→ **WHAT THE TASK ASKS**
Print the whole listing exactly.

DATA IN THIS EXERCISE Start Marker

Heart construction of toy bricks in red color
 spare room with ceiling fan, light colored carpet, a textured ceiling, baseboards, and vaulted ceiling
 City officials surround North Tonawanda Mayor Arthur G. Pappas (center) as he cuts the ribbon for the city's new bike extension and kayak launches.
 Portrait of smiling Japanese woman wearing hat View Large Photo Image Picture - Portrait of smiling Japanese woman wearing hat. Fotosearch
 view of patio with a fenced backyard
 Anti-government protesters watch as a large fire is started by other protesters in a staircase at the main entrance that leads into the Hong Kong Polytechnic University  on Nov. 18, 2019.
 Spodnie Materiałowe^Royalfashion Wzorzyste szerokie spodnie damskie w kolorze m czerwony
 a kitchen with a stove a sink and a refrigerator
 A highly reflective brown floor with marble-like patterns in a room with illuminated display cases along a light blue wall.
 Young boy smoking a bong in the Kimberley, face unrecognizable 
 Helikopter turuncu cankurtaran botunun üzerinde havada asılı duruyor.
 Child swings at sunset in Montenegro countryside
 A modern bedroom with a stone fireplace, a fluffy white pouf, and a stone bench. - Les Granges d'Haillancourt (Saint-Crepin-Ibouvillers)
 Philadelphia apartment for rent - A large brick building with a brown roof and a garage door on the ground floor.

DATA IN THIS EXERCISE End Marker

→ **SOLUTION FOR THIS EXERCISE**
Heart construction of toy bricks in red color
 spare room with ceiling fan, light colored carpet, a textured ceiling, baseboards, and vaulted ceiling
 City officials surround North Tonawanda Mayor Arthur G. Pappas (center) as he cuts the ribbon for the city's new bike extension and kayak launches.
 Portrait of smiling Japanese woman wearing hat View Large Photo Image Picture - Portrait of smiling Japanese woman wearing hat. Fotosearch
 view of patio with a fenced backyard
 Anti-government protesters watch as a large fire is started by other protesters in a staircase at the main entrance that leads into the Hong Kong Polytechnic University  on Nov. 18, 2019.
 Spodnie Materiałowe^Royalfashion Wzorzyste szerokie spodnie damskie w kolorze m czerwony
 a kitchen with a stove a sink and a refrigerator
 A highly reflective brown floor with marble-like patterns in a room with illuminated display cases along a light blue wall.
 Young boy smoking a bong in the Kimberley, face unrecognizable 
 Helikopter turuncu cankurtaran botunun üzerinde havada asılı duruyor.
 Child swings at sunset in Montenegro countryside
 A modern bedroom with a stone fireplace, a fluffy white pouf, and a stone bench. - Les Granges d'Haillancourt (Saint-Crepin-Ibouvillers)
 Philadelphia apartment for rent - A large brick building with a brown roof and a garage door on the ground floor.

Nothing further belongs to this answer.